While shop welding makes up a large part of the fabrication process, field welding requires a different set of skills and equipment.
Shop welding is convenient because fabricators can build railings, staircases, and ornamental pieces on long, flat welding tables. All of their tools are conveniently at their disposal, and it is much easier to get every dimension perfect. Welding in this controlled environment improves the quality of many different projects.
Although shop welding is convenient, a lot of the final products must be installed at the job site. Projects like handrails, spiral staircases and beams must be transported to the job site and welded in properly. This is where welding “in the field” comes into play.
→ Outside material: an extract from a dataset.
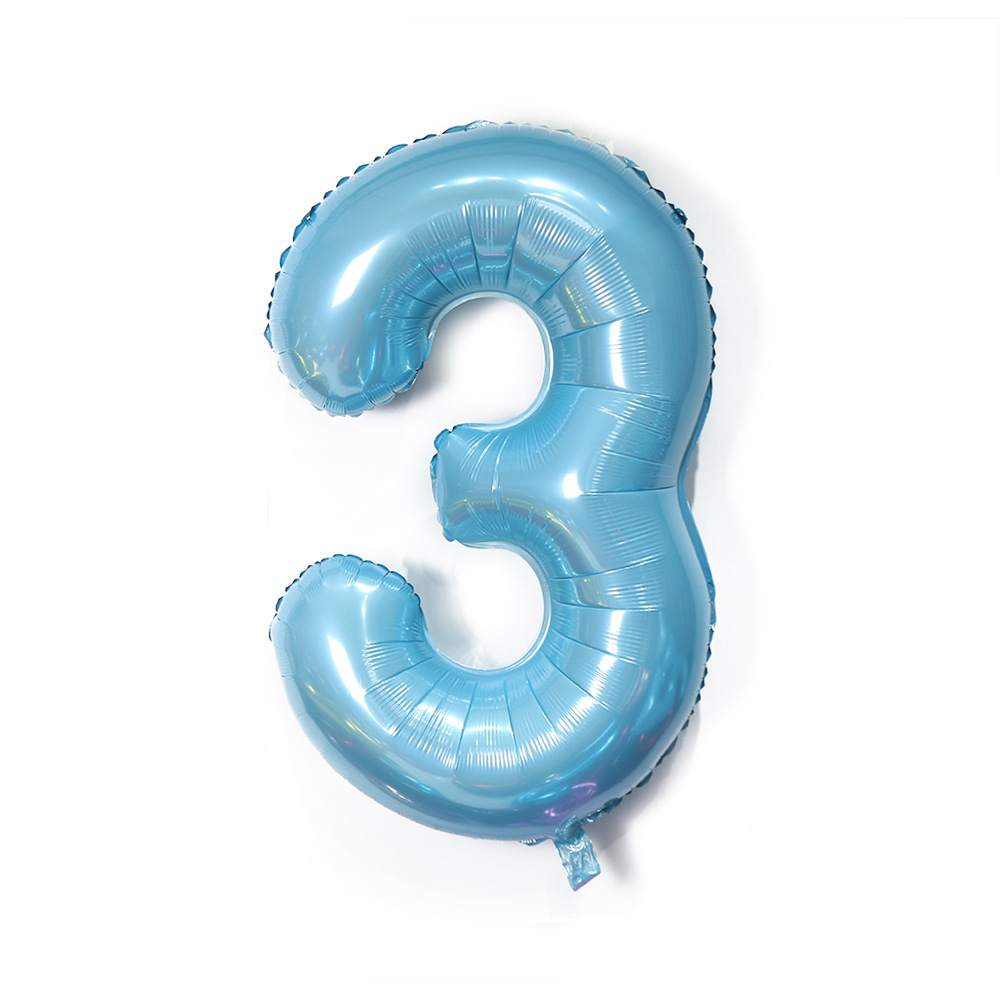 Number, Candy Pattern Pink, Blue Color Birthday Number Candy Aluminum Aluminum Film Birthday Balloon Ball Party Supplies Balloons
The field weld symbol is characterized by a small flag on top of the reference line. This means that the shop guys won’t be performing welds on the piece once it is finished, and the field welders will now take over.
Ornamental Field Welds
Often times field welds are very simple and don’t take much time. Installing a valence could be as easy as a few quick TIG welds. Installing handrails and staircases takes a bit more time; with bolts, wedge anchors and epoxy often making up a larger part of the installation process.
However, some field welds can be very complicated. Welding inside of a finished, high end house can be nerve racking. Welders have to take preventive measures to make sure that nothing is damaged during the field welding process. This often means protecting high end windows and woodwork before the field welding process begins.
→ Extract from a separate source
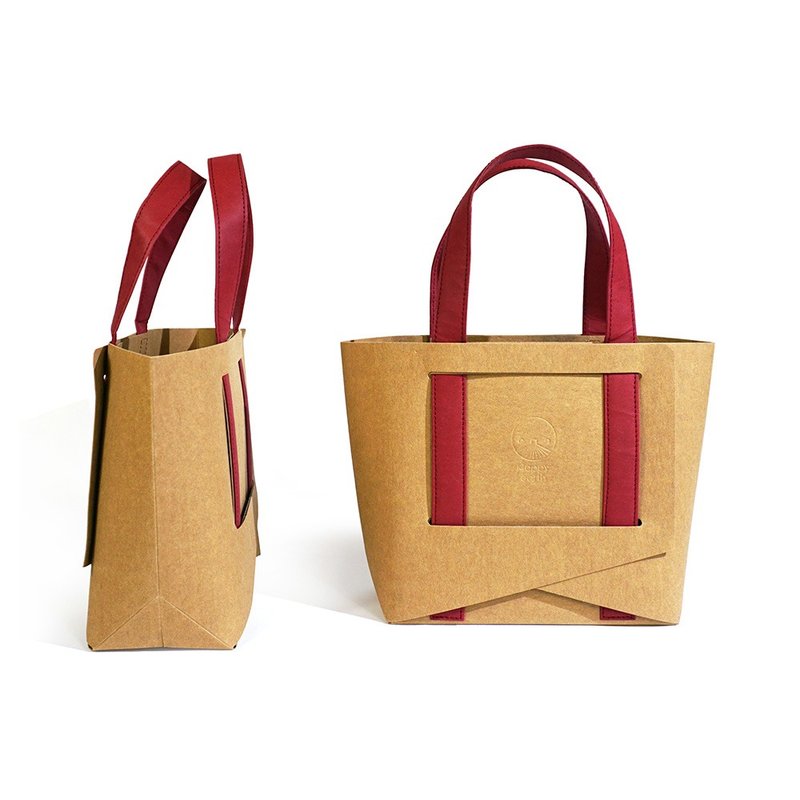 Happy Earth | Happy Bag-Carmine - กระเป๋าถือ - กระดาษ สีกากี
Protective coverings like Ram Board are often used in field welding procedures. Protecting finished work is often more time consuming than the actual welding process itself. Construction job contractors can end up spending thousands of dollars just on protective sheathing/boards.
Structural Field Welds
For beams that are fabricated in a shop, common procedure is to either bolt them in at the job site or weld them in. Ironworking has very specific protocols and engineers are the ultimate judge of how the beams are installed. Blueprints must be followed very closely, and mistakes aren’t tolerated on these structural projects.
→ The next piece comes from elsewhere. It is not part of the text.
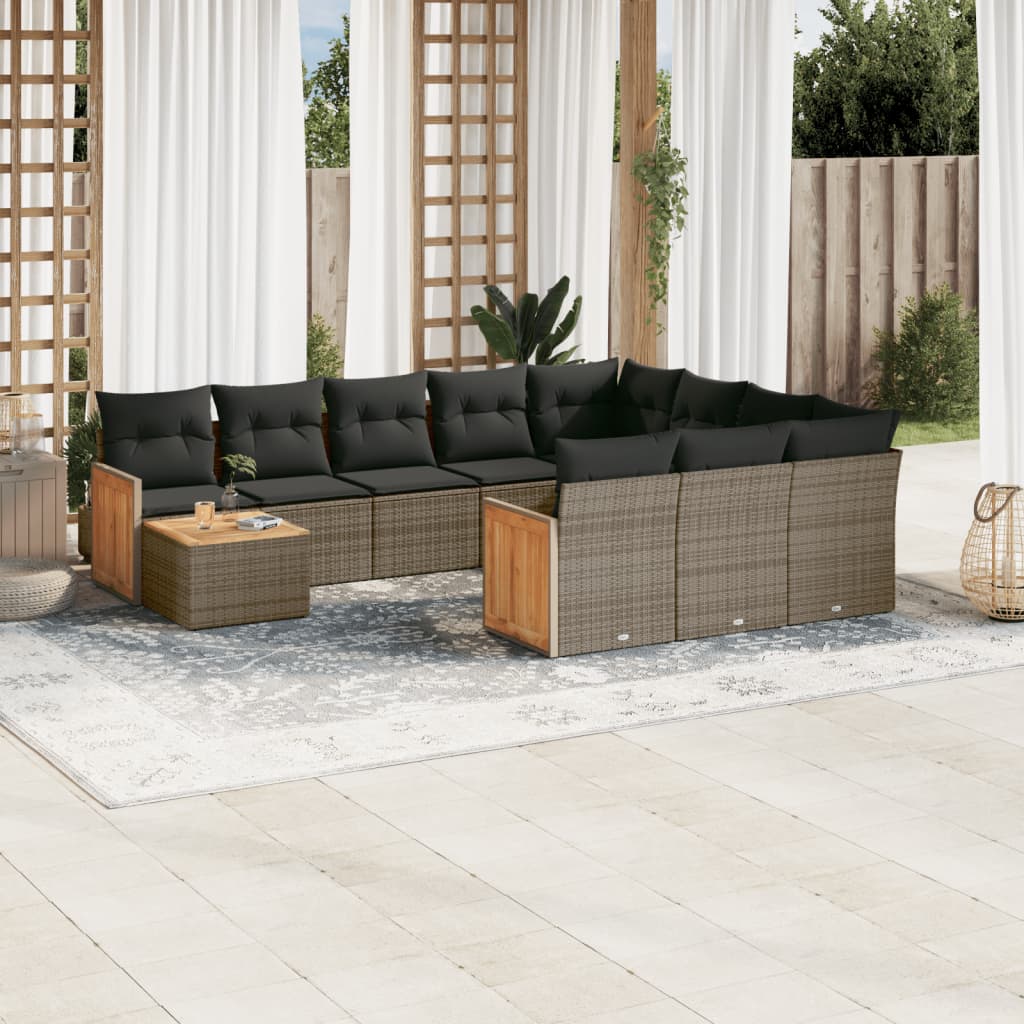 JUNG Vida 11-tlg. Garten-Sofagarnitur mit Kissen Grau Poly Rattan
Structural field welding often involves using the stick process due to its convenience factor. The engine drive machine can be 4 stories below the welder, and long enough leads can reach up to where the welding is taking place. The stinger must obviously be in the hand of the welder, but the ground clamp can be a few hundred feet away from where the welding is taking place. However, all of the beams are interconnected – so this is not a problem.
Dual shield flux core MIG has gotten more popular with structural field welding, but it is more of a pain to deal with a MIG machine on the job site. Long extension cords and long MIG cables are needed, as well as larger gas cylinders that can be tough to move. Because of this hassle, many welders prefer to stay with the stick welding process.
The Field vs The Shop
Larger welding companies will have multiple crews that perform different operations. The shop workers are either building ornamental pieces – or fabricating beams and larger structural items.
The field guys/girls are either installing the ornamental work at the job site, or installing structural items on larger job sites. Welders that strictly install beams and heavier steel are referred to as ironworkers. “Hanging iron” is a grueling process, and these workers are often paid more than the shop welders.
Mobile welding is almost all field work. Repairs and pipeline welding are strictly referred to as “Field Work”.
Whether you prefer to fabricate in the shop or weld in the field, it is good to be well rounded with both categories. If you’re proficient with both, you’ll be more valuable to your employer, and will progress faster in your companies rankings.
If you can fabricate and weld in the field, it will also make it easier to start your own side hustle. This may even turn into a full time personal business at some point.